Here is the recipe if you want to give these a go – they have that wonderful soothing ‘rustic’ homemade look and feel (i.e.: they are very unprofessional to look at, but they *are* tasty) … and really, in times of ‘need’ that’s all that matters!

Nutty Oatmeal Raisin Cookies

adapted from How it all Vegan! by Sarah Kramer

(a note – while I am not vegan, I did stick fairly faithfully to the vegan ingredient list, with the exception of the chocolate chips – feel free to exclude, or use vegan chocolate chips if desired. I also excluded cinnamon, nutmeg and ground ginger because I wanted something plain, and did not have these items on hand).

Ingredients

1 cup flour

3/4 cup rolled oat flakes

1/2 cup sugar

1 tsp baking powder

1/3 cup olive oil spread (or other margarine/butter)

1/4 cup almond butter (or other nut butter)

2 eggs, or replacement (I used 6 tbsp apple sauce)

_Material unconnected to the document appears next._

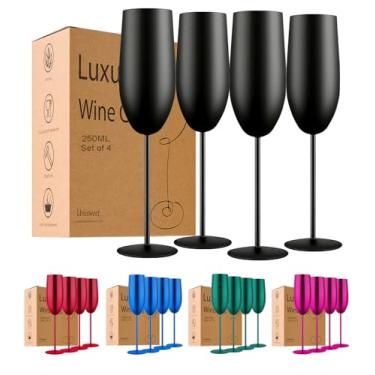Imagem de UNISWEET Conjunto de 4 taças de champanhe de aço inoxidável para presentes de casamento e aniversário, taça de champanhe inquebrável de 250 ml com haste longa, reutilizável para uso interno e externo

a few drops vanilla essence

1/2 cup raisins

1/2 cup chocolate chips (optional)

N.B – 3 tbsp apple sauce = 1 egg

Method

1. Preheat oven to 175 degrees C. In a large bowl, stir together all of the ingredients (feel free to sift all of the dry ingredients and mix the wet in a separate bowl and then combine; I wanted speed and less washing up 😉

2. Once well combined, drop mounds (one heaped tablespoon should do it) on a non stick baking tray, leaving room between them for expansion (don’t follow my lead here and cut corners, or you will end up with one giant cookie – perhaps not a bad outcome?). You will note here that I used baking paper – I was using ‘old school’ non stick trays – however you won’t get that really crunchy underbelly on the cookie.

3. Bake for 12-15 minutes, or until golden. If you like your cookies crunchy, leave in the oven for a few more minutes.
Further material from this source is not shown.